Davanın açılmasını müteakip yargılamaya katılımı olan tarafların dava, cevap, cevaba cevap, ikinci cevap dilekçeleri karşılıklı tebliğ olunmuş, sundukları deliller alınmış, marka tescil ve başvuru dosyaları ile alâkalı kayıtları getirtilmiş, dava şartları incelenmiş, ön inceleme duruşması yapılmış, taraflar sulhe teşvik olunmuş, arabulucuya gitme hakları hatırlatılmış, sonuç alınamaması üzerine uyuşmazlık konuları tespit edilmiş, tahkikat icra olunmasını müteakip, Hukuk Muhakemeleri Kanunu Yazı İşleri Yönetmeliği’nin 41/2. maddesi hükmü de gözetilerek taraf vekillerine tahkikat ve yargılamanın geneliyle ilgili son sözleri de sorulmuş; sözlü iddia ve savunmada bulunma olanağı tanınmıştır.
GEREKÇE :
Dosya uyuşmazlık konuları hakkında rapor tanzimi için bilirkişi heyetine tevdi edilmiş ve rapor tanzim ettirilmiştir.
Davacı ve davalılar arasındaki uyuşmazlık, başvuru markası ve mal/hizmetler ile itiraza mesnet markalar ve mal/hizmetler arasında benzerlik olup olmadığı, karıştırılma ihtimalinin olup olmadığı,… kararının yerinde olup olmadığı, davacının tanınmışlık ve eskiye dayalı kullanım iddialarının yerinde olup olmadığı noktasında toplanmaktadır.
Celp olunan tescil dosyaları kapsamından davacının … ibareli marka başvuru sahibi olduğu beyan, tevsik ve müşahede olunmaktadır.

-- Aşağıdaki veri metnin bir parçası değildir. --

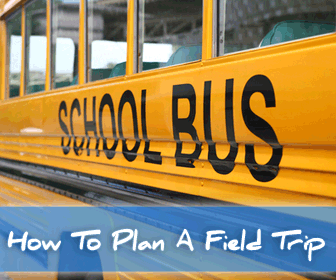 How To Plan A Field Trip Your Learners Will Never Forget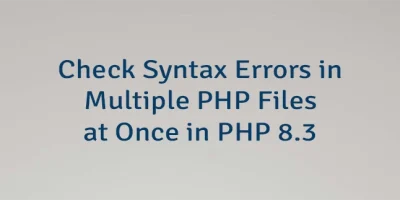 Check Syntax Errors in Multiple PHP Files at Once in PHP 8.3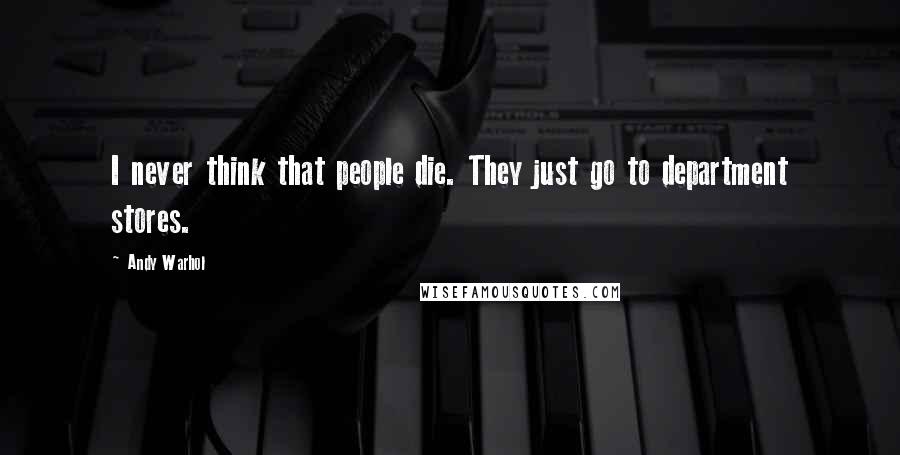 Andy Warhol Quotes: I never think that people die. They just go to department stores.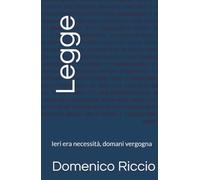 Legge: Ieri era necessità, domani vergogna
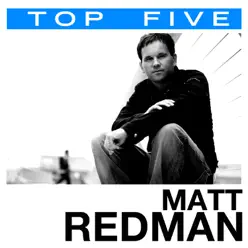 Top 5: Matt Redman - EP - Matt Redman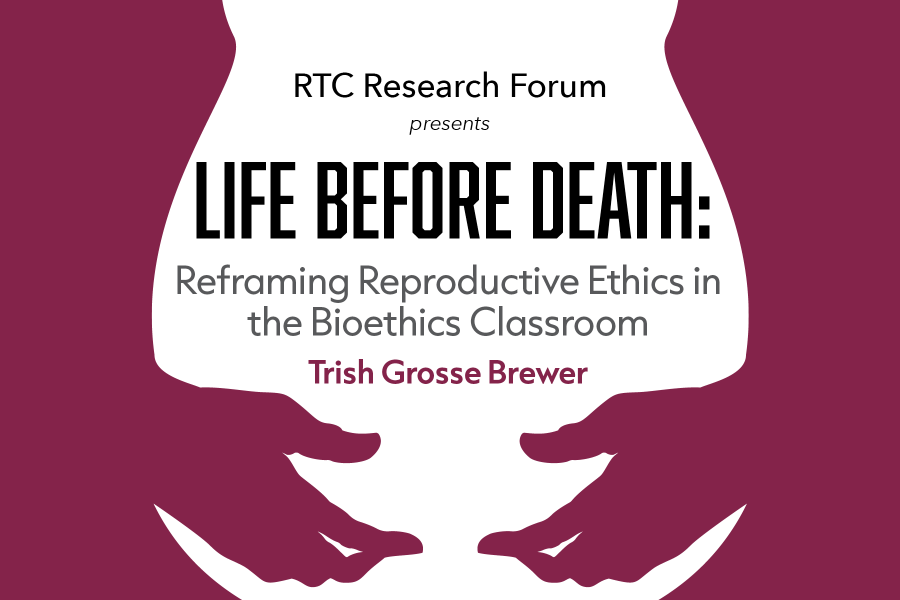 Life Before Death: Reframing Reproductive Ethics in the Bioethics Classroom, Trish Grosse Brewer.
Graphic for a talk about pregnancy ethics discourse in the undergraduate ethics classroom.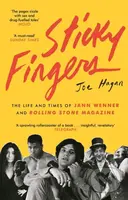 Sticky Fingers (The Life and Times of Jann Wenner and Rolling Stone Magazine) - kniha z kategorie Životopisy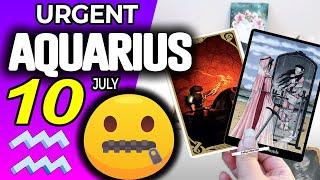 Aquarius URGENT️ DON’T SAY ANYTHING TO ANYONE PLEASE horoscope for today JULY  10 2024  tarot
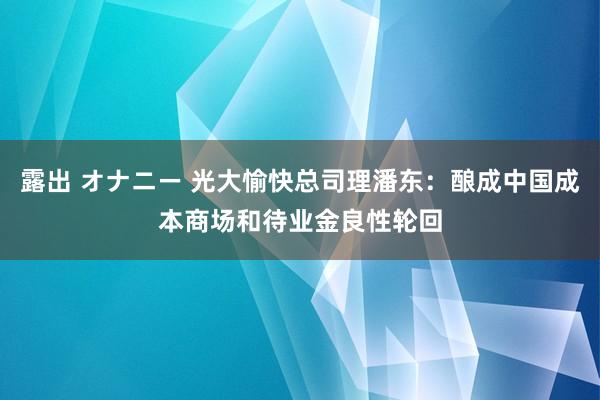 露出 オナニー 光大愉快总司理潘东：酿成中国成本商场和待业金良性轮回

Davaya konu 2020/15086 sayılı “… çorba 1966” ibareli marka için davacı tarafından 06/02/2020 tarihinde 29,35,43.sınıf mal/hizmetleri kapsayacak şekilde marka tescil başvurusunda bulunulduğu, başvurunun ilanına karar verildiği, ilana karşı davalı şirket ve dava dışı şirket tarafından …. sayılı “…” ibareli bir takım markalarına dayanarak itirazda bulunduğu, itirazın kısmen kabulüne karar verildiği, bu karara karşı davacının itirazda bulunduğu,….’nın 24/01/2022 tarih ve … sayılı kararı ile davacının itirazının reddine karar verildiği ve bunun üzerine işbu davanın süresinde açıldığı anlaşılmıştır.
Toplanan delillere, benimsenen bilirkişi raporu ve tüm dosya kapsamına göre;
Davacıya ait dava konusu markanın kapsamındaki redde konu mallar/hizmetlerin davalının redde mesnet markalarının kapsamlarında aynı/aynı tür/benzer/ilişkili olarak yer aldığı;
Dava konusu 29. ve 35. sınıflardaki mallar/hizmetlerin davacı markalarında aynı/aynı tür/benzer olarak yer aldığı;
İlişkili olma durumunu açıklamak gerekirse, dava konusu markanın kapsamındaki 43. sınıftaki hizmetlerin davalı markanın kapsamındaki 29. ve 32. Sınıflardaki mallarla ilişkili olduğu; bu husus ….T.04.06.2012 tarihli kararında “Nitekim somut olayda, davaya konu markalar bakımından 29. ve 32. sınıf ile 43. sınıf arasında irtibat bulunduğu, söz konusu “yiyecek ve içecek sağlanması hizmetlerinin” diğer emtia sınıfları ile ilişkili olduğu anlaşılmaktadır. Bu durumda mahkemece davalı markasının, tescilli olduğu 43. sınıfta yer alan “yiyecek ve içecek sağlanması hizmetleri” bakımından da hükümsüzlüğüne karar verilmek gerekirken yazılı gerekçe ile davanın bu yönden reddine hükmedilmesi doğru görülmemiş, kararın bozulması gerekmiştir.” şeklinde ifade edilmiştir.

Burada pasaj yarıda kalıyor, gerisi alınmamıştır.